L’anello debole nella discografia anni ’80 degli Iron Maiden? Oppure un album tremendamente sottovalutato? Sarà  pure passata una vita dall’uscita di “Somewhere In Time”, ma il sesto lavoro in studio della band britannica continua a dividere e a far discutere i fan come fosse stato pubblicato ieri. D’altronde è il titolo stesso a suggerirci quello che poi è effettivamente stato il destino di un’opera che trascende il concetto di tempo e spazio non tanto per distinguersi dalla media, ma per perdersi nei labirinti delle perenni polemiche e incomprensioni.

Registrato tra gli Stati Uniti, le Bahamas e i Paesi Bassi all’inizio del 1986, pochi mesi dopo la conclusione del trionfale ma estenuante tour di supporto a “Powerslave”, “Somewhere In Time” viene spesso considerato il disco della svolta commerciale degli Iron Maiden. Uno spartiacque tra gli anni felici della New Wave of British Heavy Metal dura e pura e quelli del successo a livello globale, segnati da vendite da capogiro e folle oceaniche ai concerti.

Un album di transizione quindi – ancora fedele al sound classico del quintetto ma ricco di elementi inediti, alcuni dei quali digeriti con difficoltà  dagli oltranzisti del metallo. La presenza costante e alquanto invadente dei sintetizzatori può effettivamente far storcere il naso, perchè non sempre capace di evocare quegli scenari futuristici e fantascientifici tanto ben rappresentanti dal disegnatore Derek Riggs in copertina.

Le tastiere aggiungono pathos alle note epiche di “Heaven Can Wait”, un coinvolgente inno da stadio con cori e ritornelli da cantare a pieni polmoni, ma affondano le già  di per sè deludenti “Stranger In A Strange Land” e “Deja-Vu”, dal sound davvero troppo levigato e pulito per i canoni dei giovani Iron Maiden.

La band, per quanto affascinata dalle nuove tecnologie e dalle sonorità  sintetiche, resta però sempre fedele ai propri principi, senza farsi sedurre dalle sirene del mainstream. La produzione di Martin Birch esalta l’aggressività  e l’energia delle composizioni di Steve Harris, Adrian Smith e Dave Murray, senza accentuare di una virgola la potenza di fuoco di una Vergine di Ferro magari non eccessivamente ispirata, ma più matura ed esperta che mai.

Perchè, in fin dei conti, la ricetta della felicità  è semplice: bastano gli intrecci armonici tra le due chitarre, le galoppate ritmiche del basso e della batteria e la voce maestosa di Bruce Dickinson per avere un brano degli Iron Maiden degno di essere tramandato ai posteri.
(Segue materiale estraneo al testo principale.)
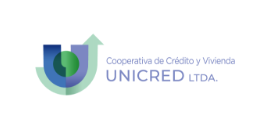 logo-unicred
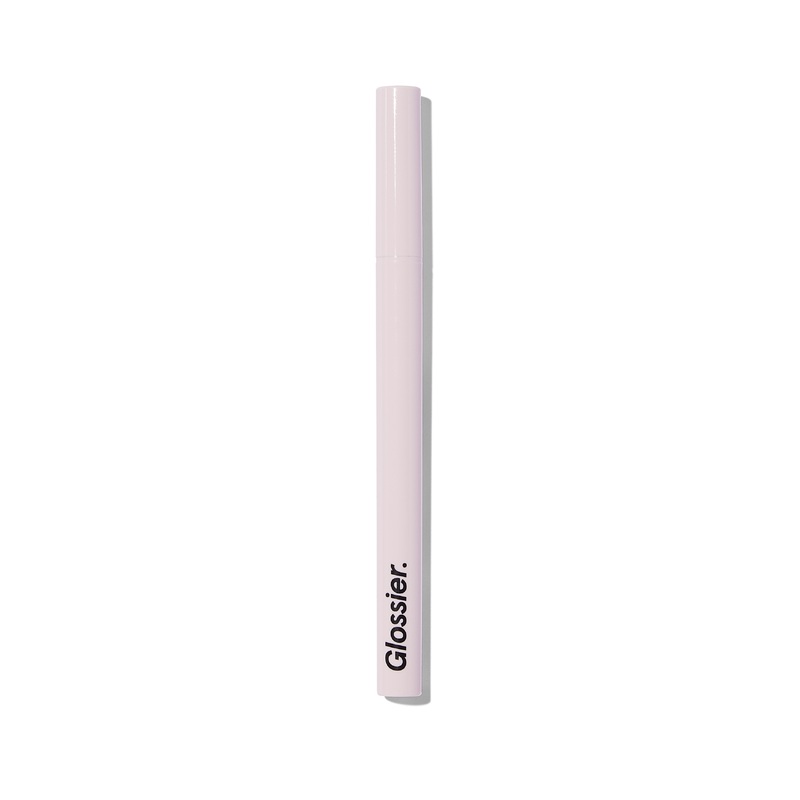 Pro Tip Long-Wearing Liquid Eyeliner Pen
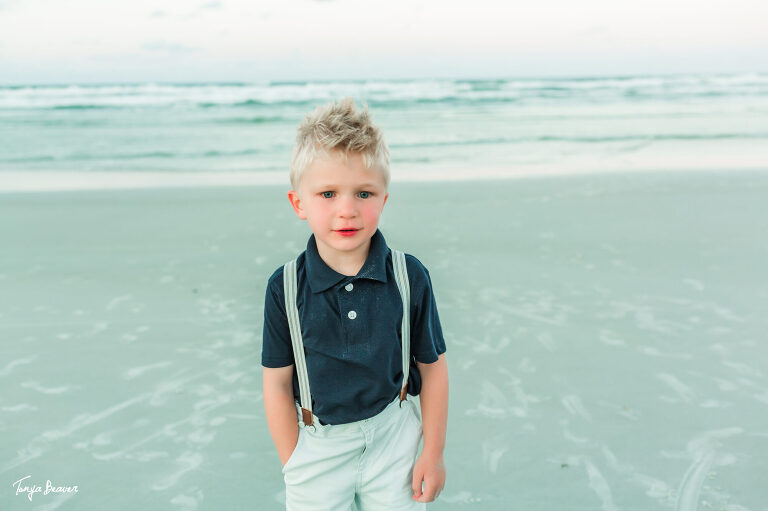 ANASTASIA ISLAND FAMILY PHOTOGRAPHY; ST. AUGUSTINE BEACH FAMILY PHOTOS;  EXTENDED FAMILY PHOTOS; TONYA BEAVER PHOTOGRAPHY; 
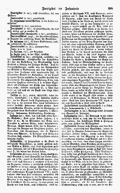 Pierer-1857-Bd-08 S. 901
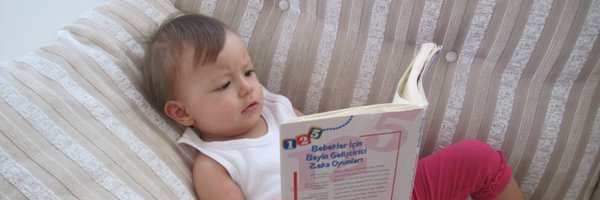 teknikpiyasa Profile Banner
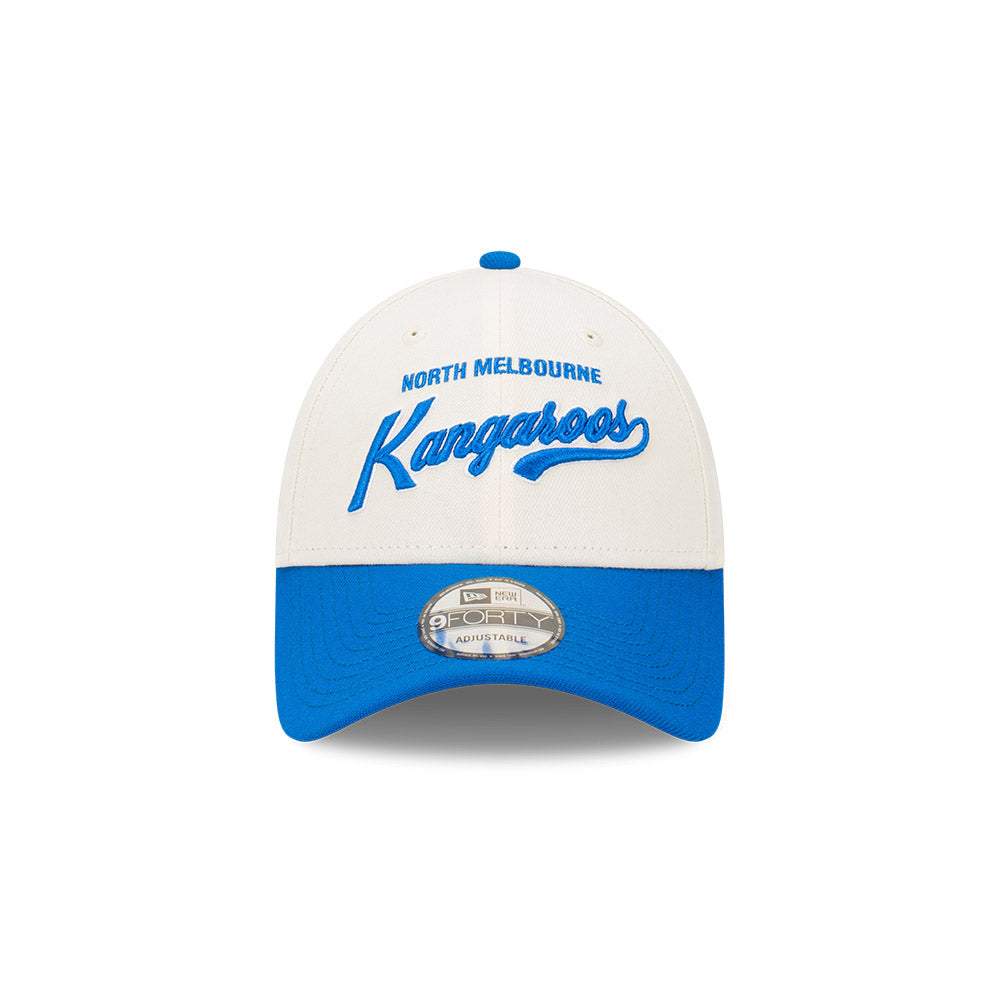 Hat Locker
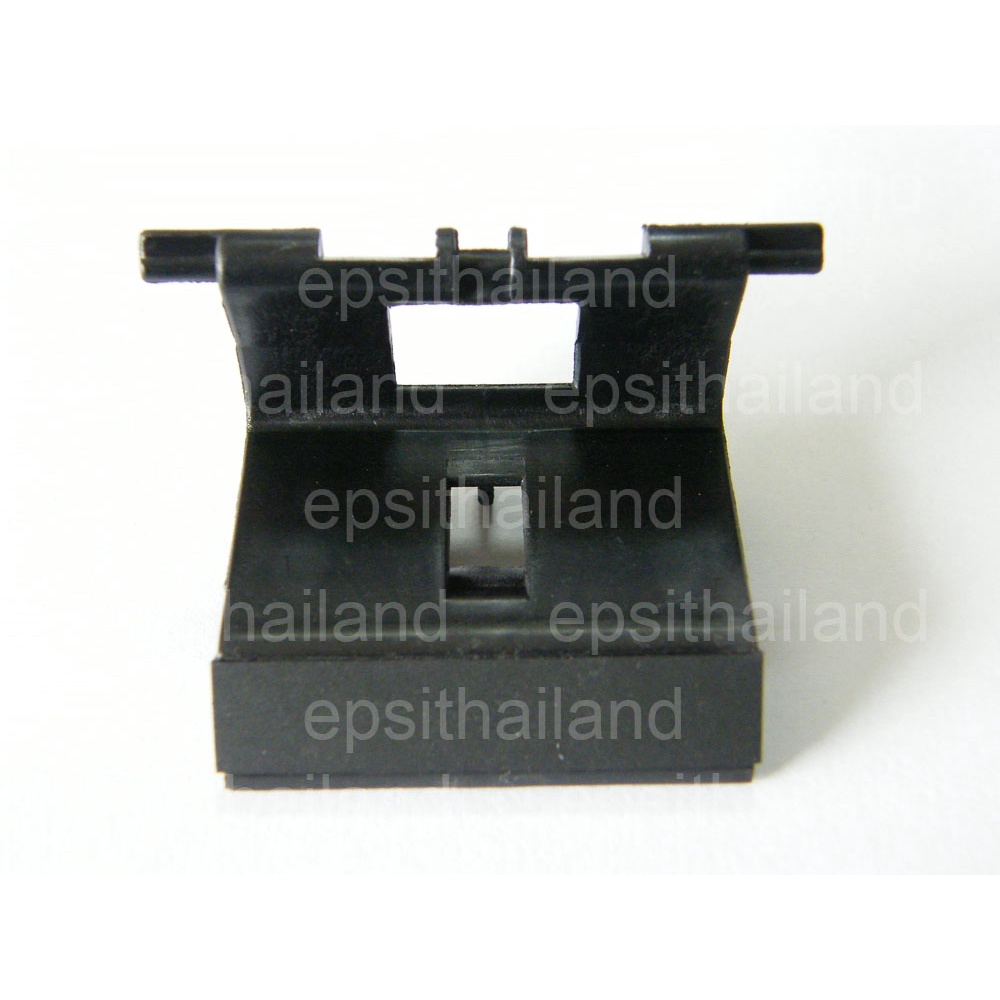 ยางแยกกระดาษ Separation pad HP P1102-9/P1005/P1006-9/M1130-9/1210-9/M125-8/CANON LBP3050/3150/6000/6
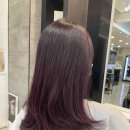 오리역 2번출구 이미지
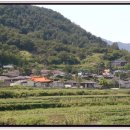 술곡 이미지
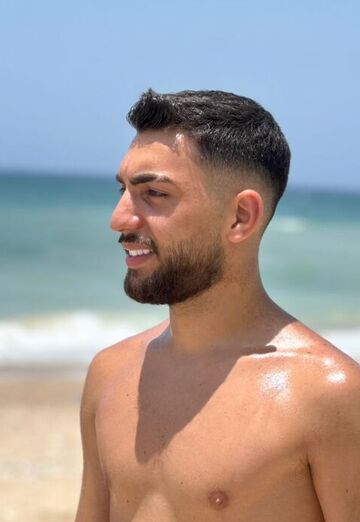 Amer (@amer465) — my photo № 5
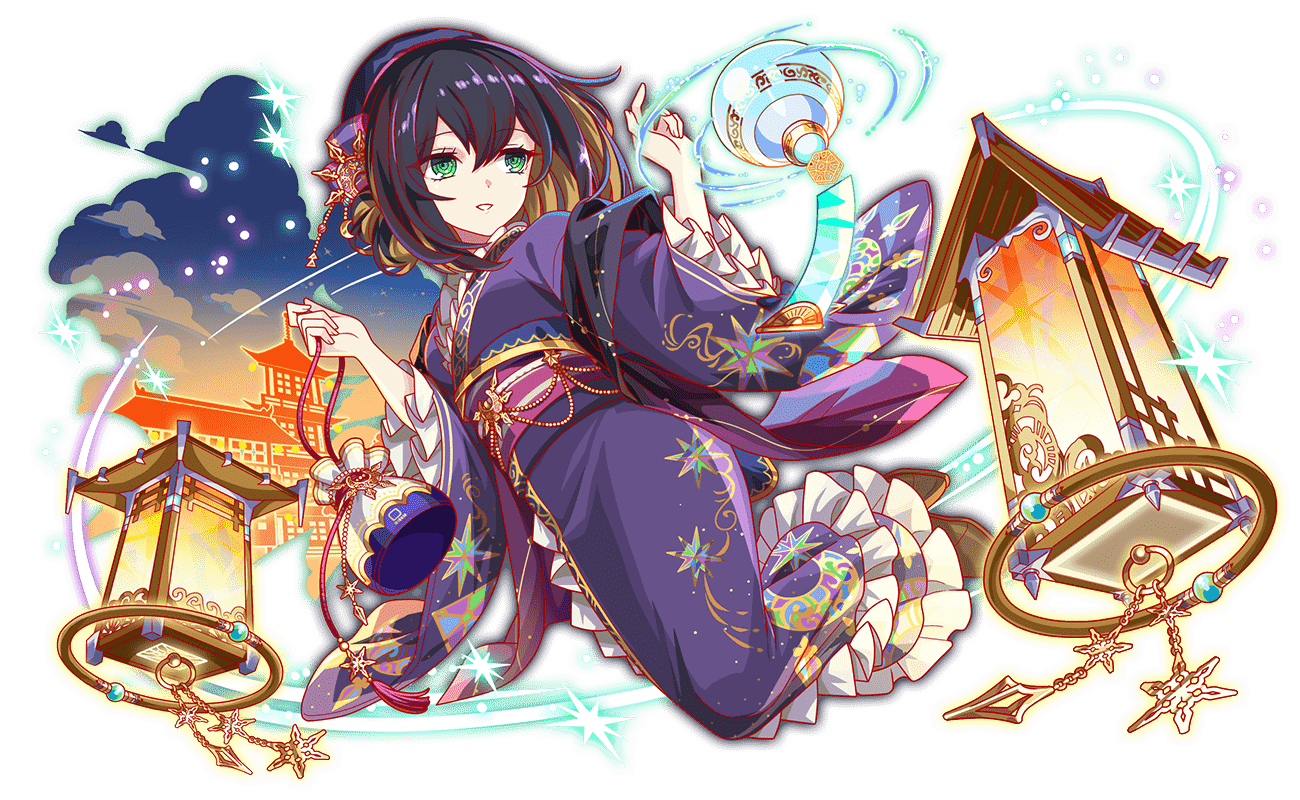 Unit16857.png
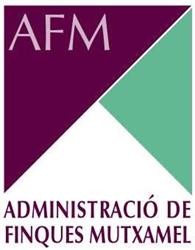 AFM Administración de Fincas, Mutxamel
E in “Somewhere In Time” troviamo più di qualche perla: “Caught Somewhere In Time”, “Wasted Years”, “Sea Of Madness” e la lunghissima “Alexander The Great (356-323 B.C.)” quelle da andarsi a recuperare per celebrare a dovere questo trentacinquesimo anniversario.

Data di pubblicazione: 29 settembre 1986
Tracce: 8
Lunghezza: 51:18
Etichetta: EMI
Produttore: Martin Birch

Tracklist:
1. Caught Somewhere In Time
2. Wasted Years
3. Sea Of Madness
4. Heaven Can Wait
5. The Loneliness Of The Long Distance Runner
6. Stranger In A Strange Land
7. Deja-Vu
8. Alexander The Great (356-323 B.C.)